What factors should you consider when changing careers?
- Your previous work experience and transferable skills. Assess all that you’ve learned in your current job (and those prior), and identify the assets that may benefit future job opportunities. If you’re switching industries from project management to ICT, for example; then your skills in strategy, business, and team leadership may prove valuable in plenty of tech roles.
- Your passions and career aspirations. What is your dream job or industry? Take note of what interests, fulfills, and engages you – and use this to map out potential roles or industries for your career change.
- The pros about your current role, and what you hope to see in the next. No matter how badly you may long for change, there’s bound to at least be something you appreciate about your current role. Consider the factors that have made you stay up to this point, and areas of change or improvement you hope for in your next role.
- Your financial situation. If you’re planning to quit without a new role secured, ensure you’ve got enough savings to help tide you over. Otherwise, it’s recommended to establish your new path while you’ve still got a job to fall back on, so you can hit the ground running once you’ve made the leap.
What are the steps to a successful career change?
As mentioned, making a career change is often made easier through further study or training. Upskilled offers a wide range of practical online courses, exploring Australia’s most in-demand industries (from community services to tech and business). Build the skills you need from the comfort of your own home; and at a pace and schedule that fits you best.

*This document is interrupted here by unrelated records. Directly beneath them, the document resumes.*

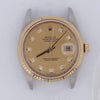 Rolex Mens Datejust 16233 #27835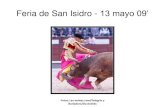 Feria De San Isidro (13 Mayo 09)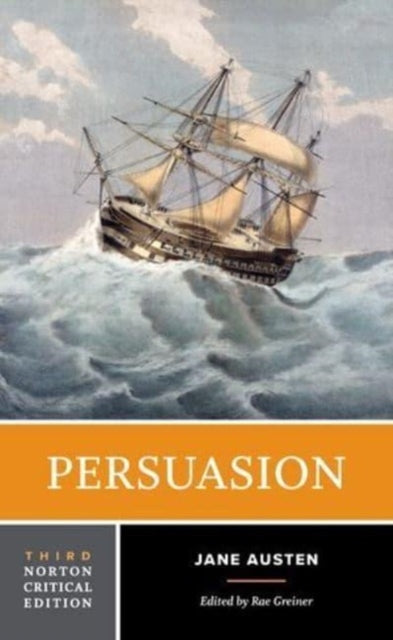 9781324070740-Persuasion : A Norton Critical Edition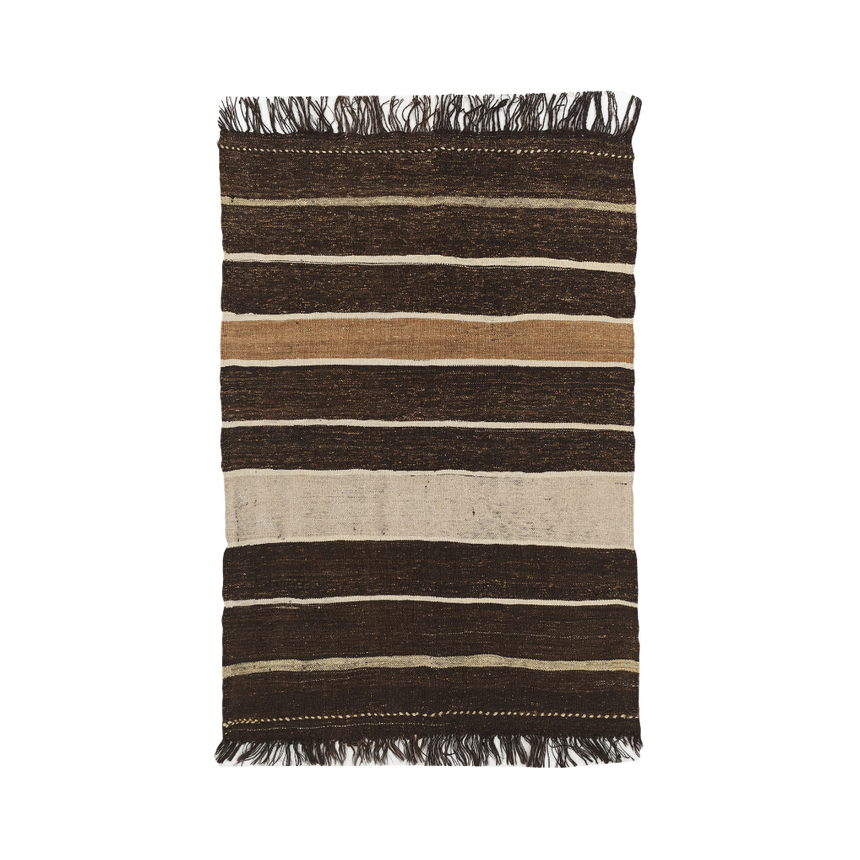 Noa wooden bedside table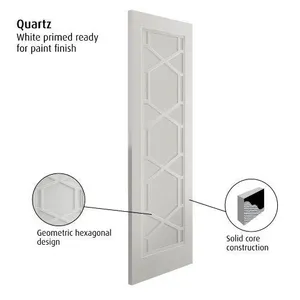 Internal Quartz Door (1981mm x 686mm x 35mm) image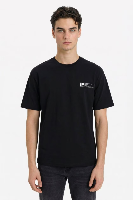 Resim Defacto Erkek T-shirt F8170AX/BK81
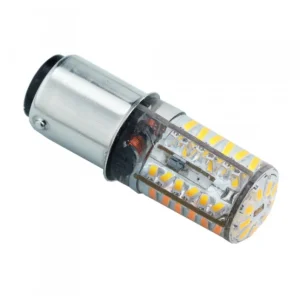 Ampoule LED - BA15D - 12/24 V - 200 lumens - En blister Quantité Limitée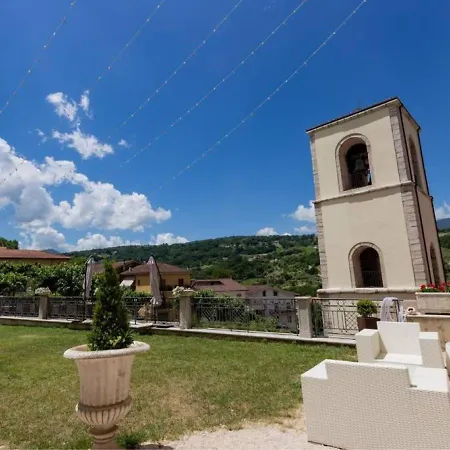 Apartment Palazzo Vittoli - Irpinia Castelfranci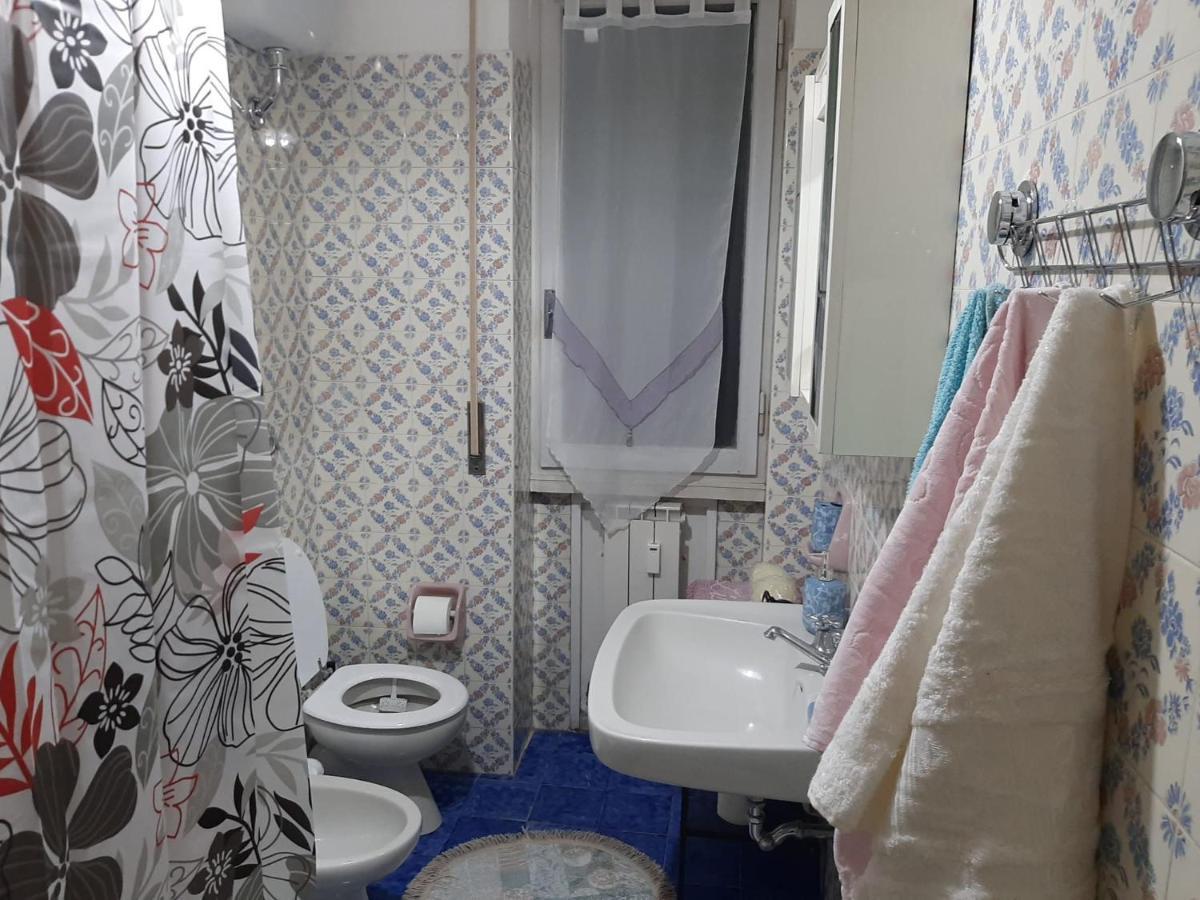 Porta A Mare Station Apartment ปิซา ภายนอก รูปภาพ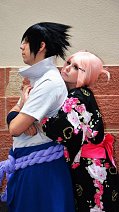 Cosplay-Cover: Sakura haruno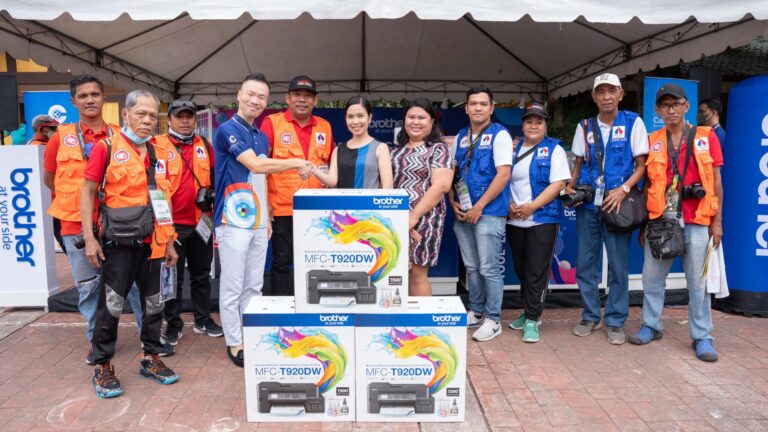 Brother Philippines and Luneta park photographers capture “Memories for Life”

Set your sights on that dream career today, and enquire with us on a course.
- Assess your current situation. Take the time to weigh out the aforementioned factors. Make a checklist of your current strengths, any skills gaps you hope to address, what you’re after in a new career, and whether you’ve got the financial capability for change.
- Examine the job market. Shop around for available positions in online job boards or through existing industry connections. Learn what the competitive pay rates are, common work cultures, and what employers tend to look for in new hires.
- Consider further training. If you’ve got your eyes set on a new career path – yet lack the skills to dive in headfirst, further training through courses or workshops are a highly recommended option.
- Refine your resume. Be sure to update it with any new skills you’ve gained in your current role or through training. Depending on the new career path you’ve chosen, it may also be best to tailor your details to match the skills demands of the industry.